17.兄と妹
フェリクスが六歳の時、妹ができた。
初めて見る妹という生き物はとても小さくて柔らかくて、恐る恐る触るととても温かかった。教会に飾ってある宗教画に描かれた天使とよく似たその生き物に、幼いフェリクスは心を鷲掴みにされた。
これが妹――そう思うとなんだか自分がとても大人になったような気がして、この小さい生き物をしっかり守っていこうと思ったのだ。
セラフィナと名づけられたその小さな存在は、しばしば高熱を出して両親をとても心配させた。もちろんフェリクスも心配だったが、両親からあまり細かい病状を知らされていなかったこともあり、実際にはどれくらいセラフィナが苦しんでいるのか、よくわかっていなかったのが事実だった。
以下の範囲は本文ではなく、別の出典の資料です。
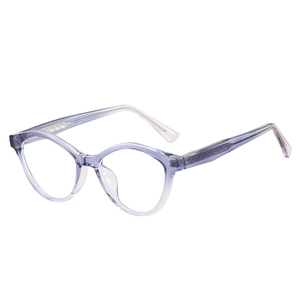 Monture de lunettes œil-de-chat en TR90 violet translucide avec finition dégradée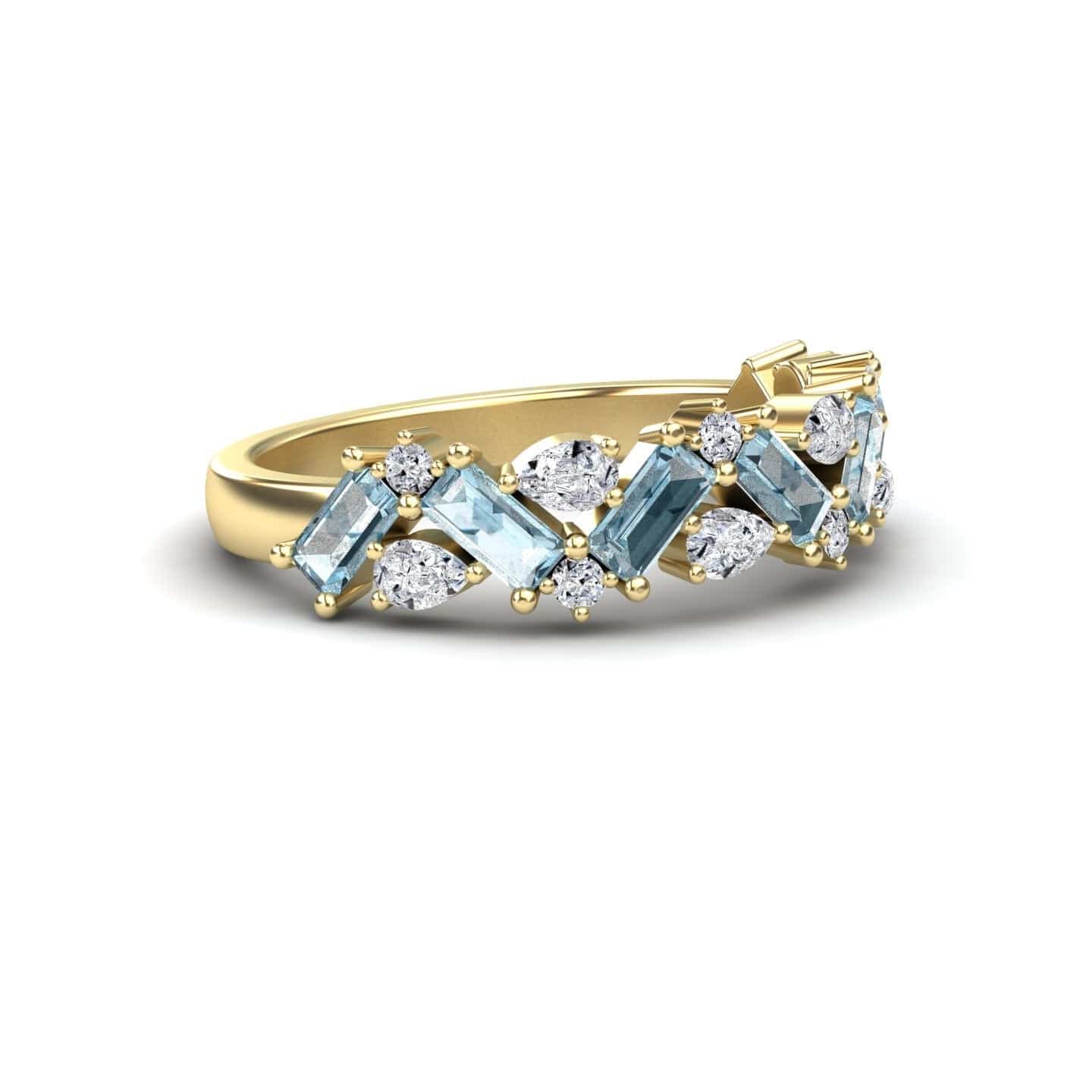 Aquamarine & Diamond Zigzag Eternity Band - Aimee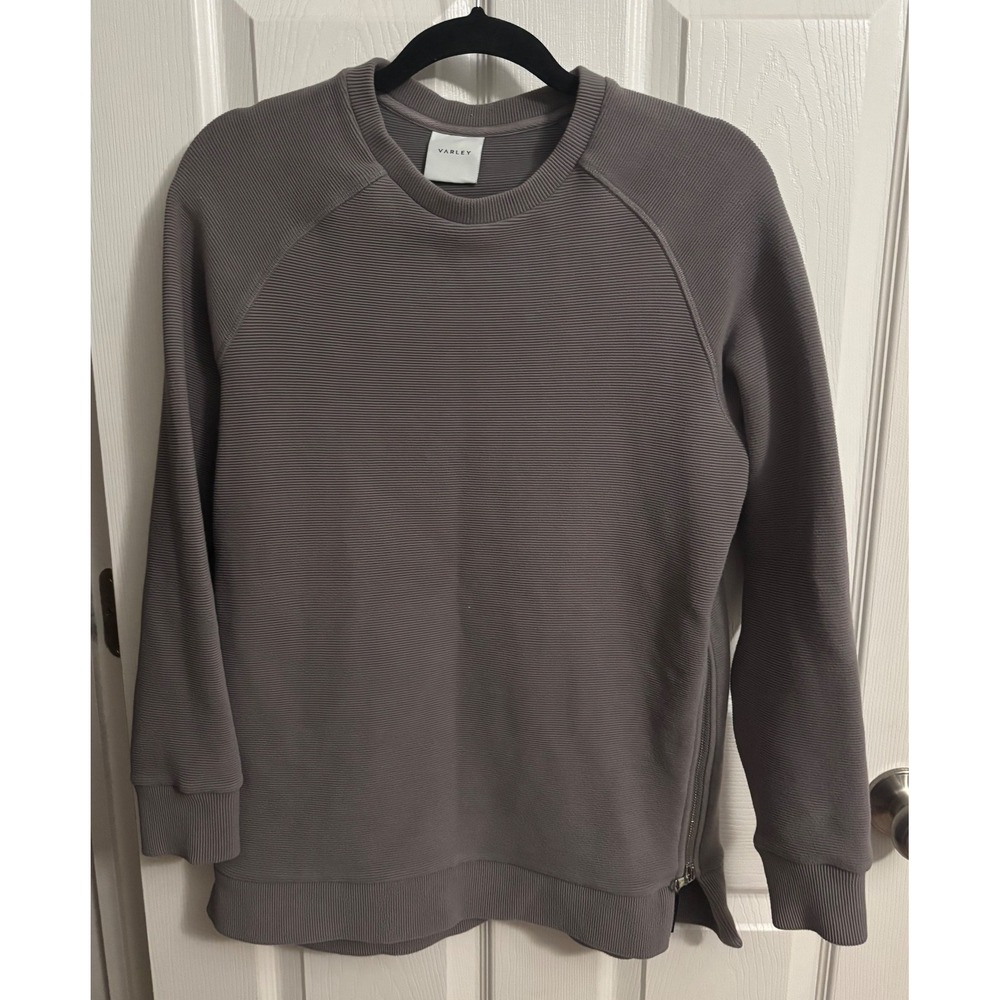 Varley | Manning Ribbed Sweatshirt‎ Side Zip Pullover Gray Size S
頻繁に熱を出しながらもセラフィナは成長し、少しずつ言葉を覚えてくると、時折不思議なことを言うようになった。自分は子供ではないとか学生だとかなんだかよくわからない文明めいた道具があるとか聞いたこともない国の名前だとか。
まだほんの子供だったフェリクスも世界の全てを知っているわけではない。だからその内容がどれだけ奇異な物なのか明確にはわからないながらも、妹の話はとても奇妙なものだということだけはわかった。
幼子の妄想というにはあまりに奇抜な内容に両親も戸惑っていたようだったが、医師が急激な脳の発達段階で生じる妄想の可能性を指摘したことから、とりあえず成長を見守ろうということになったようだった。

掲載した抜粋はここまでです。